French President Francois Hollande and Tunisian President Moncef Marzouki are expressing alarm at the ouster of Egyptian President Mohamed Morsi.
At a joint press conference Thursday in Tunis, Hollande described the unfolding crisis in Egypt as a "failure" for the country's democratic transition, while Marzouki expressed regret at the intervention of armed forces.
Their remarks echoed concerns expressed around the world after the militarily-backed removal of the democratically elected Muslim Brotherhood leader.
Hollande's visit is the first by a sitting French president since Tunisia's 2011 revolution, the popular revolt that inspired similar uprisings across the Arab world, starting with Egypt. He called on Egyptian army officials to organize free, pluralistic and fair elections as soon as possible.
Both presidents dismissed the idea that Egypt's crisis could spread to Tunisia.
"Unlike Egypt," Marzouki said, "Tunisia is not split into warring parties.
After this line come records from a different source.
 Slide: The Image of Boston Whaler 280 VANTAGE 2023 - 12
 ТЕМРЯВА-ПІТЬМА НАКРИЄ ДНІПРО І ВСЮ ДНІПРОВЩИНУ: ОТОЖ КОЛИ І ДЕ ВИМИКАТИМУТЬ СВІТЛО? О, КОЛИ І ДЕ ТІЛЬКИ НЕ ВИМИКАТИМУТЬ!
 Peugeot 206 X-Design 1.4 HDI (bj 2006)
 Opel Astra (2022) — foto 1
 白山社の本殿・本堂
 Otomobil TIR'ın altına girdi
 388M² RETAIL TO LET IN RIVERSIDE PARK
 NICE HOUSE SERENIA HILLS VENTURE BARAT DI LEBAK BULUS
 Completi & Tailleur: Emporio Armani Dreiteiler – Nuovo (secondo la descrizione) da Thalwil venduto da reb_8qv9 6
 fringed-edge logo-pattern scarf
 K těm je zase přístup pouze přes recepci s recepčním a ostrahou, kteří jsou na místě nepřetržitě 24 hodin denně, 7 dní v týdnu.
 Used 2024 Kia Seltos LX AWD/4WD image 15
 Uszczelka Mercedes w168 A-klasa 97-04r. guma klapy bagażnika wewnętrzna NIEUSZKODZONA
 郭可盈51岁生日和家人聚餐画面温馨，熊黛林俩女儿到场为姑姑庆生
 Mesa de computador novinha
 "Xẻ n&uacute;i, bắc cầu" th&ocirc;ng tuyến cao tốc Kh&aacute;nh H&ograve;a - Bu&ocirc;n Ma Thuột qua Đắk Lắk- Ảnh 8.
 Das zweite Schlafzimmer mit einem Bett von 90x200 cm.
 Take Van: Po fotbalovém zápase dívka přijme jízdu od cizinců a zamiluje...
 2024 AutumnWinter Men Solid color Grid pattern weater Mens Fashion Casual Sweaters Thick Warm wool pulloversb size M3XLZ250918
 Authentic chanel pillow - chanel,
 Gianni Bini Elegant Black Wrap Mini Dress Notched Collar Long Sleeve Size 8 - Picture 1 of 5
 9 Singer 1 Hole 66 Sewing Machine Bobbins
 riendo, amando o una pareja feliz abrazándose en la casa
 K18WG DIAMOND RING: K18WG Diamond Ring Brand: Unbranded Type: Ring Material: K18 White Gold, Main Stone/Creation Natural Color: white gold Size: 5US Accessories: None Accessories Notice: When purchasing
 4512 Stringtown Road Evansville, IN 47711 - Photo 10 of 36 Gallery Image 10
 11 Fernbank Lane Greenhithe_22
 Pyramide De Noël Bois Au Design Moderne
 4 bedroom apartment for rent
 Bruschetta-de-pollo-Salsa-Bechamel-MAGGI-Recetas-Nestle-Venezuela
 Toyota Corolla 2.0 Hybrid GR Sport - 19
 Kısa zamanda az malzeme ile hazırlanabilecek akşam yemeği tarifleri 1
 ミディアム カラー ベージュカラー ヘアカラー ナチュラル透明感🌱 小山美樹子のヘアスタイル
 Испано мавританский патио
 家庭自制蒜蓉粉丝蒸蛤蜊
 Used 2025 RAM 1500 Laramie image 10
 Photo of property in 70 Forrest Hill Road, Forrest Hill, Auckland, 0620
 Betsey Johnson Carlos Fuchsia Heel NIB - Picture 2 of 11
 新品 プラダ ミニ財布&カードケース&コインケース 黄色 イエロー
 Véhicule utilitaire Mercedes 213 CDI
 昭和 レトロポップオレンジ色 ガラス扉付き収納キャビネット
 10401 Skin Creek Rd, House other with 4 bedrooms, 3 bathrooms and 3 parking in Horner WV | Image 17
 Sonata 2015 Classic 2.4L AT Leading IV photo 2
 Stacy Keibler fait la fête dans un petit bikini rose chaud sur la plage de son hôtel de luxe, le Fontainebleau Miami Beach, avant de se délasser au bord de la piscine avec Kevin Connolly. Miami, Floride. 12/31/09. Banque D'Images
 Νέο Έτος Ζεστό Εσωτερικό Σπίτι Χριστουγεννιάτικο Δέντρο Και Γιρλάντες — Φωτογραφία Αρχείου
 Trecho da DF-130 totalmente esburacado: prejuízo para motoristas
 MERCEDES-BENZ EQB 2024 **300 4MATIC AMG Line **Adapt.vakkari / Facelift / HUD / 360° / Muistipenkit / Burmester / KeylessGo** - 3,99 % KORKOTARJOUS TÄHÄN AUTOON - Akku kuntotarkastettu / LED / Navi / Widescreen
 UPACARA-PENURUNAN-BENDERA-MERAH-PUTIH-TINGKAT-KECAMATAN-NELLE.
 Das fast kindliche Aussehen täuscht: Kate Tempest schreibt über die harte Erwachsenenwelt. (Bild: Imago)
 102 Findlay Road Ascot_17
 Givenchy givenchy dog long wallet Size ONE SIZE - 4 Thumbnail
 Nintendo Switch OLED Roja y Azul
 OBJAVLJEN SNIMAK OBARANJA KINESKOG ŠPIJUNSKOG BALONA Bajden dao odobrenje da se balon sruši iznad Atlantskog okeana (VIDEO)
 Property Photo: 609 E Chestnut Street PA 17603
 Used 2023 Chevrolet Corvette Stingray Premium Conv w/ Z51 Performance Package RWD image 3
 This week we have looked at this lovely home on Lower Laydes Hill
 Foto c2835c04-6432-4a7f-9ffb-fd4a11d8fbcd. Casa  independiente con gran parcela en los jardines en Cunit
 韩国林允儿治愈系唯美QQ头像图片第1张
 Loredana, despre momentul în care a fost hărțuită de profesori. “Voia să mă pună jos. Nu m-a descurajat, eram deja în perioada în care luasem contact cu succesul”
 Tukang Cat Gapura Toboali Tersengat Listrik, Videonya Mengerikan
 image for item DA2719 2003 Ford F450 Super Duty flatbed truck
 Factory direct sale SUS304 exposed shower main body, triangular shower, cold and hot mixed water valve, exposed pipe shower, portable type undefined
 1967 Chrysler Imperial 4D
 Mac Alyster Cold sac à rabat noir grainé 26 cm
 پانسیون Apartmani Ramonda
Tunisia's government aims to be inclusive, and there is dialogue among parties."
Like Egypt, Tunisia's transition to democracy has been bumpy and marred by social protests and concerns over free-speech. Also like Egypt, Tunisia's government is dominated by Islamists -- notably the moderate Ennahda party.
Marzouki, member of a secular party in the coalition government, added that Tunisians know the roadmap ahead, referring to a new constitution and elections slated to be held by year's end.
Analysts weigh in
Amna Guellali of Human Rights Watch says the Muslim Brotherhood's abrupt fall in Egypt may impact Tunisian politics.
"We didn't have, as in Egypt, a kind of autocratic turn after the elections," said the Tunis-based researcher. "It's not the same scenario really, but still I think it will have quite an impact on Ennahda's dealings with the opposition, and also the constitution drafting ... especially when it comes to the definition of the position of Islam in the new constitution, and how this affects rights and freedoms."
For political science professor and Tunisia observer Steven Ekovich, Tunis's Ennahda is markedly different from Egypt's Muslim Brotherhood.
"The big difference between Egypt and Tunisia is that, all along now, Ennahda has been compromising," he said. "Morsi was not compromising."
Egypt's armed forces, he added, has long been a powerful, national player with entrenched economic interests, which poses another key difference when compared to Tunisia.
"Tunisians have a lot of trust in their army, and they know their army is independent," he said, calling it historically absent from the national political scene. "Tunisians not only trust their army, I could almost say they love their army."
Hollande's visit comes as Tunisia faces deep economic problems. Unemployment is high and its key tourism sector is struggling.
The French president signed a number of cooperation agreements, and vowed France would be at Tunisia's side.